僕はここに生きています。今も昔もこれからも。ずっと生きています。挫けてしまう日もあるけど泣き出す日はもうないと思います。
自信ないけど。
僕は、君に連絡をした。
家に帰り、明日の用意をする。
僕は行動する。
全神経を集中させる。ここ最近で1番カッコいい自分を作る。シャワーを浴び、爪をきれいに切り、良い匂いの香水も買った。
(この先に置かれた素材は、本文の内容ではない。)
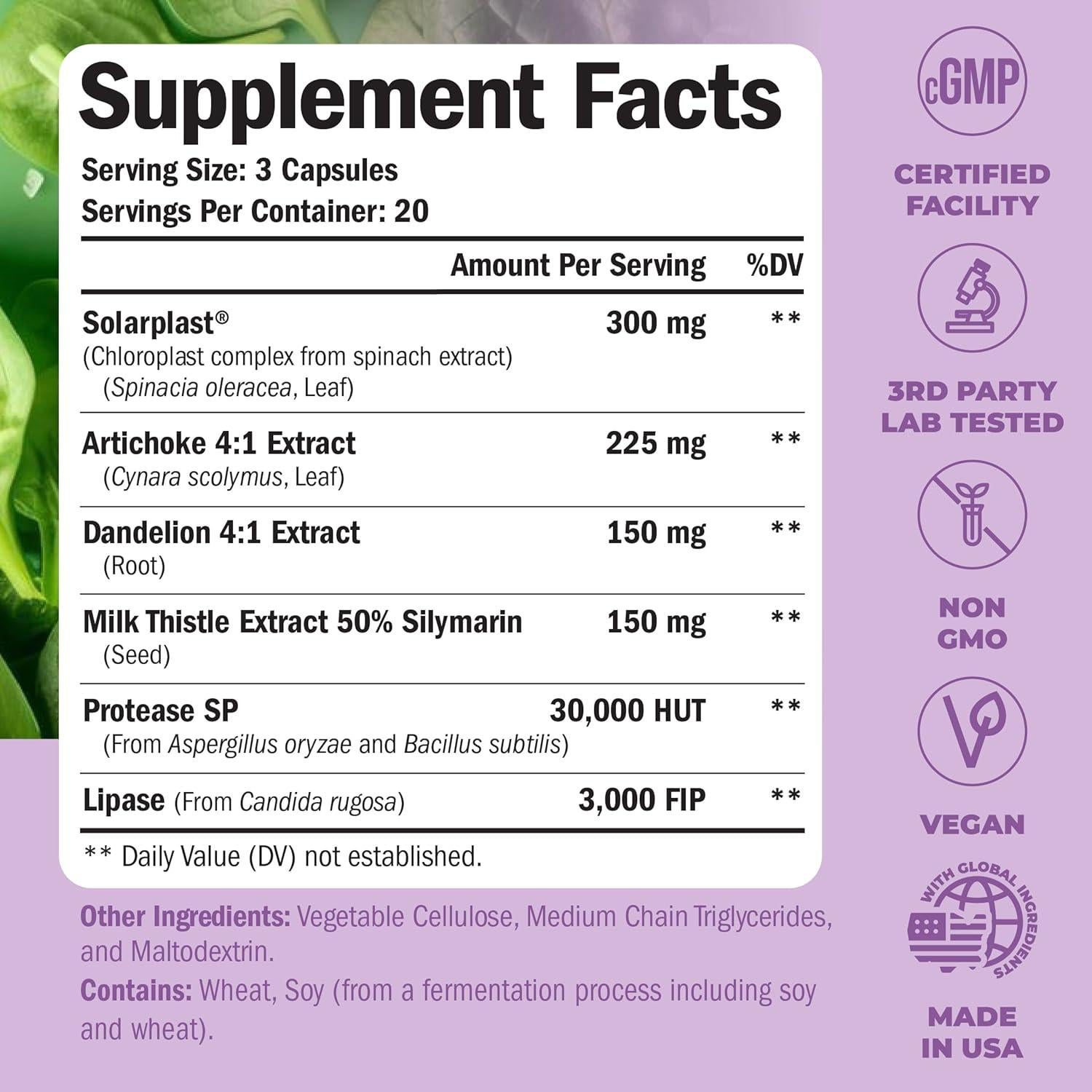 Suplemento Hepático Vegano Vimerson Health 60 Cápsulas 40+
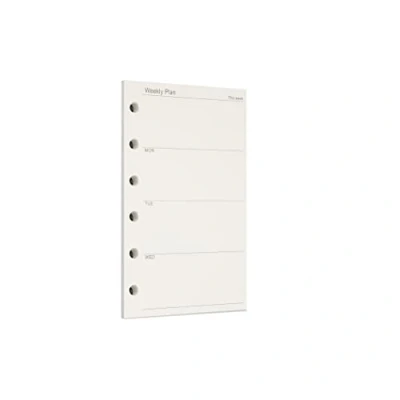 Afbeelding van Zelten 1 x A7 navulverpakking 45 vellen/90 pagina&#039;s voor weekplanner met losse vellen, geperforeerd, 6 gaats ordner, persoonlijke organizer, navulbaar notitieboek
今までで1番気持ちのいい目覚め。スッキリと目が覚め、バランスの良い朝ごはんを食べて、、
今日は、さようならを言おうと決めた。
2人で買ったペアルックのお皿と、キーホルダーを捨て、あと君を思い出す全てのデータを消して、家を出る。きっと後で後悔するだろう。そんなことはどうでもいい。自分のために街でひとしきり買い物をして、映画を見て、楽しい時間を過ごす。時刻は夕方。思い出の場所。まるで僕はよそ見でもするように、君に別れを告げに行く。あの日と何も変わらない夕焼けに見えるけど、喜怒哀楽いろんなものを吸い込んだ夕焼けはあの日と違う。僕は君を待つ。例え、あの夕焼けが沈んでしまっても。
おわり。
あとがき。
心情を書くことをしばらくしていなかったためか、疎くなったと感じた。今できること、今、やりたいこと。今、表現したいものは変わってくるが、継続しないことには、無になってしまうと感じたのだ。芸術から離れ、芸術への恐怖がある。そんな恐怖への抑止力は僕が芸術に触れ続けることだと思う。そして、やはり、それを評価してくれる人たちだと思う。終わりのないものだ。僕はこれからも追求していこうと思う。